Pressure-Driven Structural and Electronic Evolution in CsFe₄₋_δSe₄

FeSe-based materials exhibit rich correlated electronic behavior, including orbital-selective Mott states and unconventional superconductivity. The recently identified compound CsFe₄₋δSe₄ has been proposed to host a Mott insulating ground state [1,2], with a structure closely related to alkali-intercalated FeSe superconductors [3]. Although superconductivity emerges under pressure, the mechanism linking the collapse of the insulating state to superconductivity remains unclear.

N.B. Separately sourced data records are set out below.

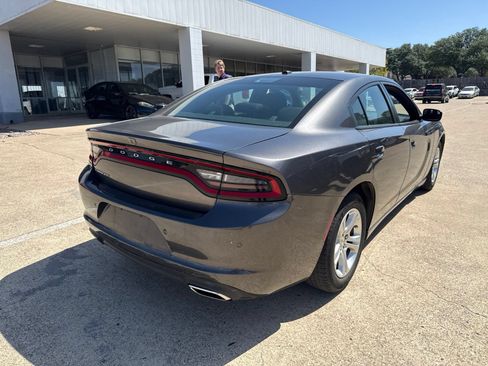 Used 2022 Dodge Charger SXT RWD image 5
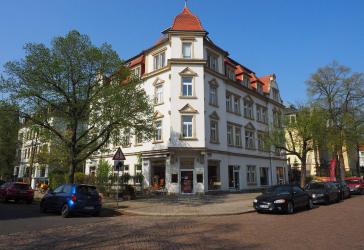 Lichtdurchflutete Maisonette mit Turmzimmer & Dachloggia in Bestlage Striesen-Ost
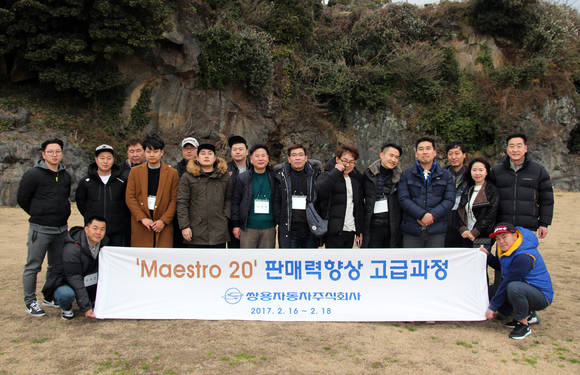 쌍용자동차가 16일부터 18일까지 제주도에서 2박 3일 일정으로 지난해 우수한 영업 실적을 거둔 AM(Auto Manager, 영업직사원)들을 대상으로 워크숍을 갖는 등 본격적인 판매 역량 강화에 나섰다. 워크숍에 참석한 AM 들이 기념촬영을 하고 있다.
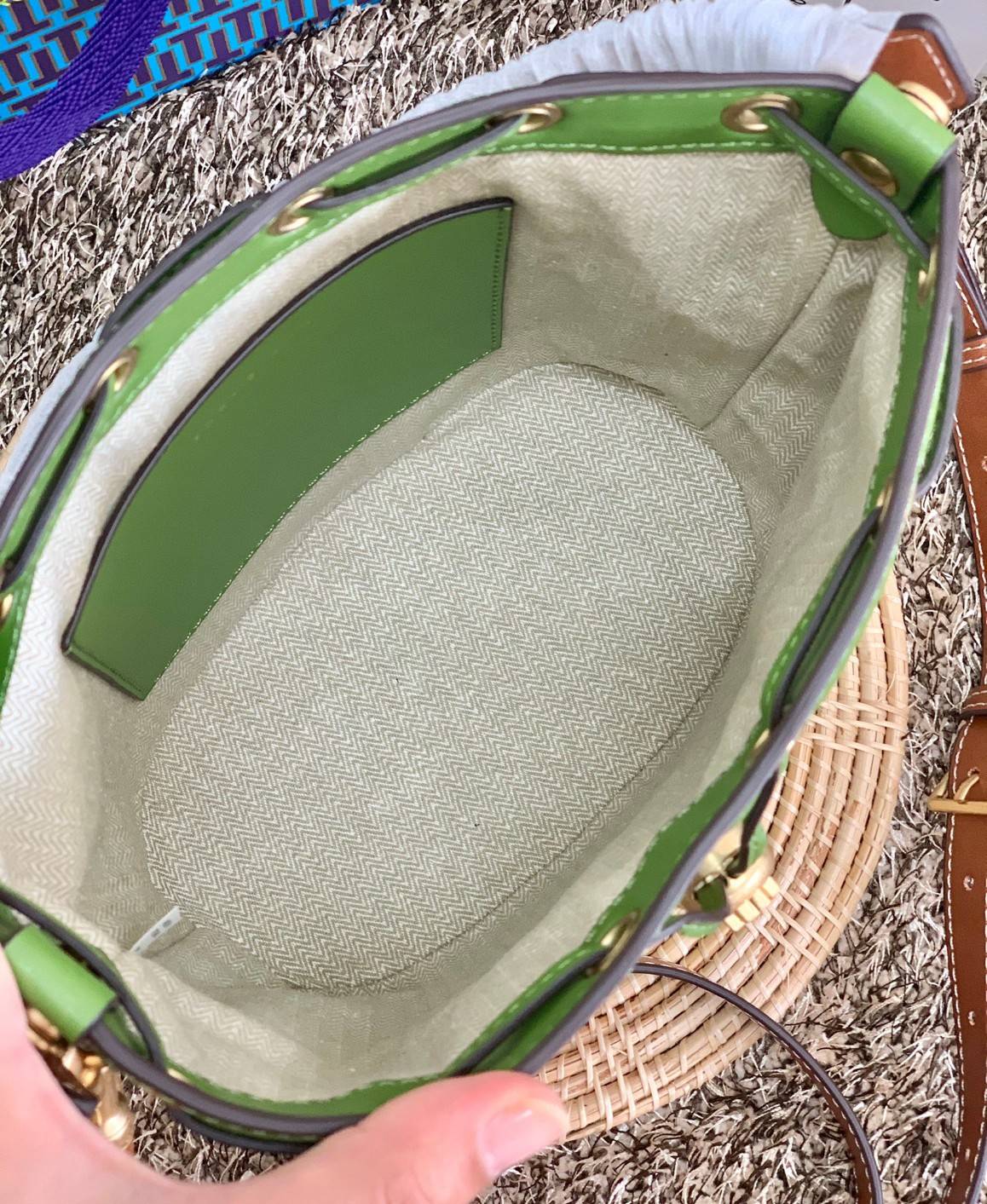 TORY BURCH T MONOGRAM STRAW BUCKET BAG NATURAL/SHISO 🌿สวยงามสะดุดตามากๆค่ะ จัดหนักกันไปเลยจ้า กับรุ่นที่สาวๆรอคอย พร้อมเสิร์ฟความสวยให้ถึงบ้านแล้วน้า กระเป๋าบัคเก็ตทรงยอดนิยม ดีไซน์ใหม่ล่าสุด ยูนีคไม่เหมือนใคร ลายสานเต็มใบพร้อมปักโลโก้เอกลักษณ์สีเ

Here, we combine synchrotron X-ray diffraction, Raman spectroscopy, X-ray absorption near-edge structure (XANES), electrical transport, and first-principles calculations to investigate CsFe₄₋δSe₄ under compression. X-ray diffraction reveals a pressure-induced structural transition from an orthorhombic (Cmmm) to a monoclinic (Cm) phase near 10 GPa. Raman spectra corroborate this transition through pronounced changes in phonon mode intensities. XANES measurements indicate Fe–Se charge transfer and enhanced d-band itinerancy with increasing pressure. At higher pressures, we observe superconducting signatures up to ~10 K at 55.2 GPa.

These results illuminate how structural distortion, charge redistribution, and evolving electronic correlations cooperate to drive superconductivity from a Mott insulating background in CsFe₄₋δSe₄.